O apoio a ditaduras parte de uma esquerda anacrônica e passadista que ainda está dentro do paradigma da revolução. Sabe que a revolução não tem mais a perspectiva da guerrilha, da luta armada, tipo Marighella e Che Guevara, mas quer manter a perspectiva de emergência de massas na política, com um programa cada vez mais radicalizado para acentuar contradições na expectativa de chegar a situações pré-revolucionárias.

Há dificuldade afetiva de setores da esquerda em criticar Cuba e Ortega?

Acredito que existe. Todo elemento de mito da esquerda provoca esse tipo de relação de afeto, que é um sentimento de defesa, quase se materializando na ideia de que tomar um caminho crítico seria uma traição à revolução, ou que seria fazer o jogo dos exploradores, dos opressores e da direita.

Qual o papel de Lula na forma de o PT tratar Cuba e Venezuela e se relacionar com a democracia?

O papel do Lula é fazer a ponte com esse passado do paradigma da revolução sem assumi-lo. Lula negocia com os protagonistas desse paradigma. Ele faz a ponte com a herança dessa esquerda, que está no PT, nos ex-integrantes da luta armada e na igreja da teologia da libertação. Lula expressa o sindicalismo de resultados que negocia com esse campo. Ele nunca quis ser afiliado à social-democracia europeia, tanto é que o partido afiliado à Internacional Socialista era o PDT.

Lula manteria essa ambiguidade ao viajar à Europa e se encontrar com líderes da social-democracia comprometida com a globalização e com o liberalismo político, como Olaf Scholz?

Mas ele não fala nada nesse sentido (da social-democracia).

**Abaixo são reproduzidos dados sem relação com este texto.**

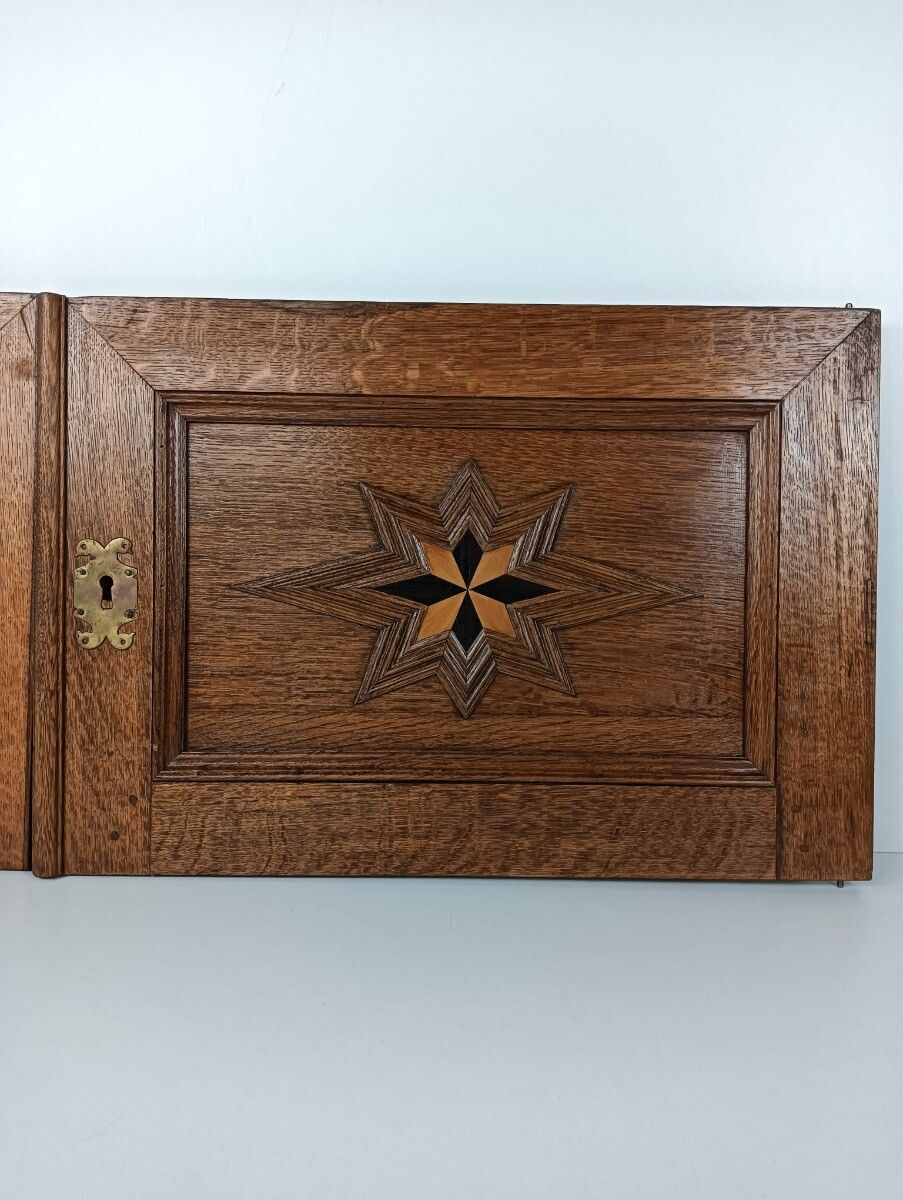 Pair Antique French Hand Carved Wood Inlay Stars Door Panels 19thc  Reclaimed Ar photo 385.0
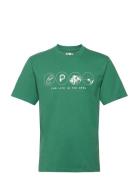 Multi Symbols T-Shirt Tops T-shirts Short-sleeved Green Penfield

O que ele fala é o que essa social-democracia quer ouvir, que ele aqui é o protagonista da luta contra as elites, contra as oligarquias, o atraso, a violência e a queima da Amazônia. Alguns temas se vinculam à social-democracia de lá, mas ele tem de ser um protagonista contra a injustiça que existe nos países subdesenvolvidos e, como a Europa não fará mais a revolução e não se apoia mais um personagem que venha do atraso, a social-democracia europeia preza muito bem protagonistas como Lula, que são, na visão dela, a expressão da luta contra a miséria e a pobreza fora da Europa. Lula mantém essa ambiguidade Ele não assume nem o discurso do paradigma da revolução nem a identificação com a social-democracia.

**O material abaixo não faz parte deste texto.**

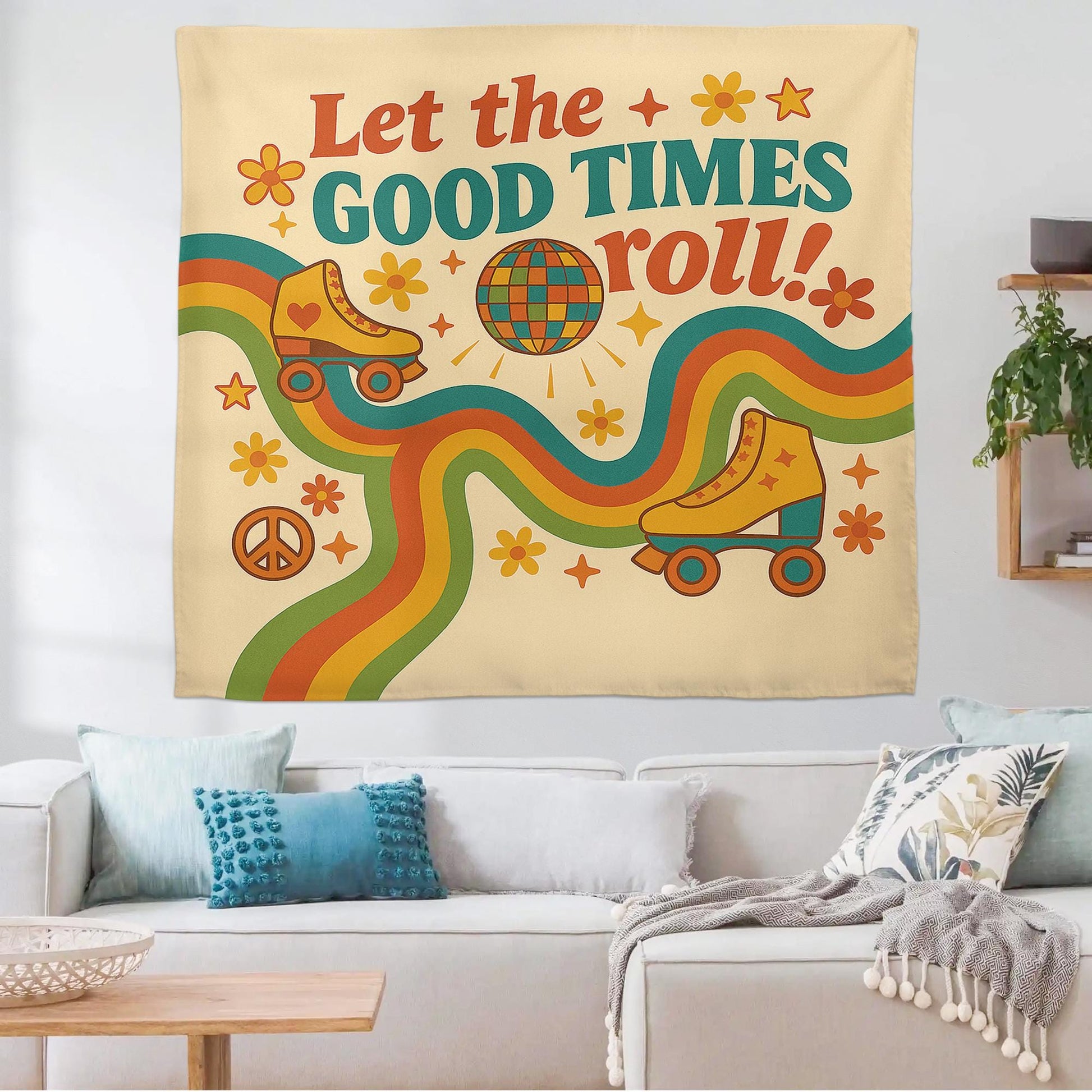 Let the Good Times Roll Classroom Tapestry - Retro Roller Skate Wall Decor, Groovy Teacher Poster, Fun 70s Vibes Back To School Decoration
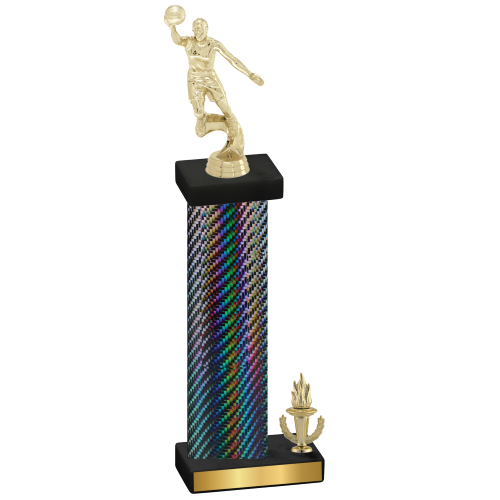 Accented Single Black Carbon Fiber Victory Basketball Trophy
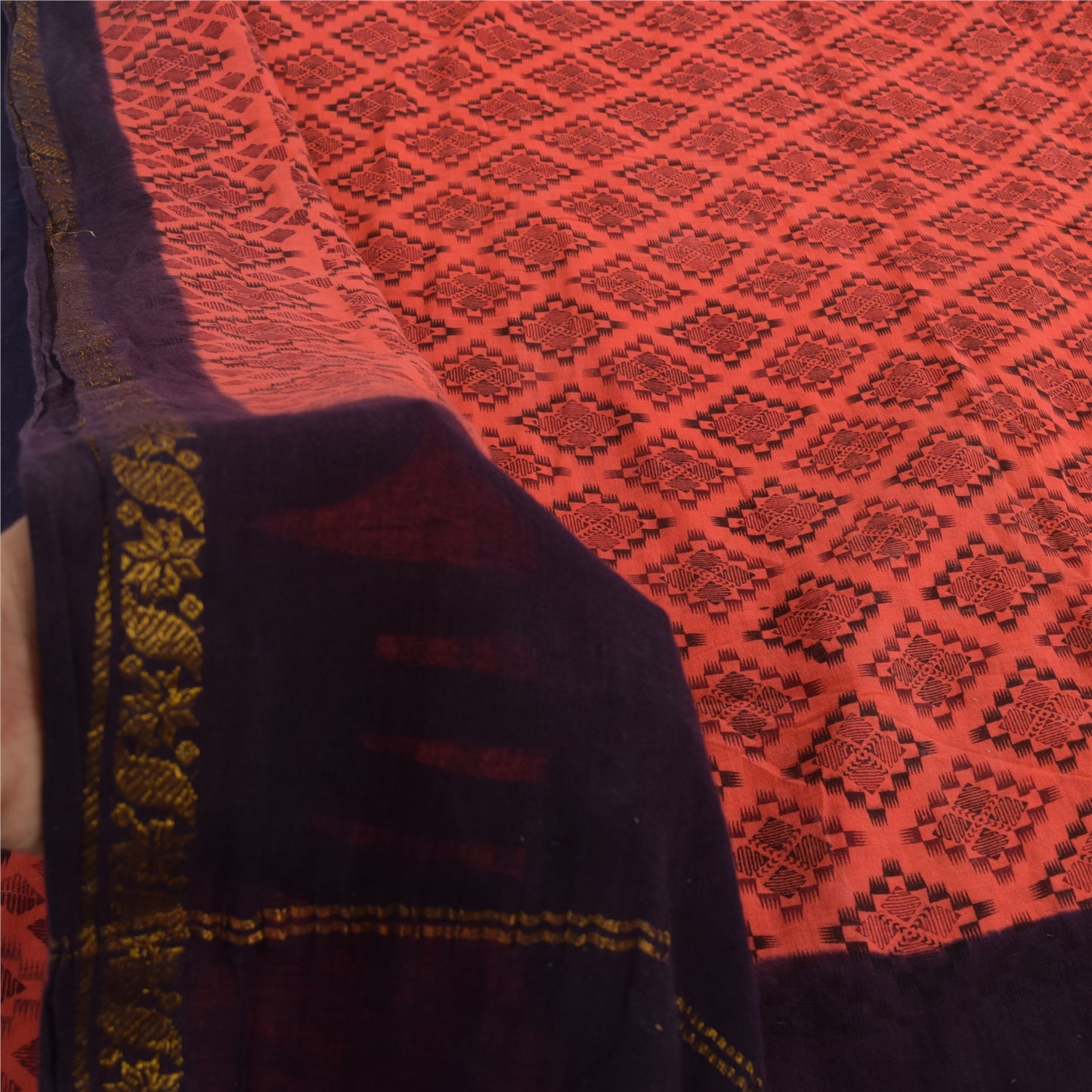 Sanskriti Vintage Sarees Peach/Purple Zari Woven Print Pure Cotton Sari Sustainable Fabric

Para superar o risco autoritário é necessário o abandono da ideia de revolução?

Isso de saída, como cimento de uma nova cultura política. Abandonar o paradigma da revolução e se instalar definitivamente no paradigma da democracia. O tema democrático exige atenção, dedicação e um diálogo de diversos atores, pois o tempo da democracia é de múltiplas dimensões do presente. Não é o tempo agudo da revolução, do antes e depois. Produzir consenso é necessário na democracia. Sabemos que nossa democracia está em um ponto de mal-estar. A sociedade julga que as coisas não estão boas, com altos salários e gente em excesso no Estado brasileiro É extraordinário o número de pessoas no Brasil que vive da política. É necessário pensar uma reforma política saneadora da nossa democracia? É evidente. A sociedade precisa ver que a democracia muda a vida num contexto de paz e não de exacerbação de contradições.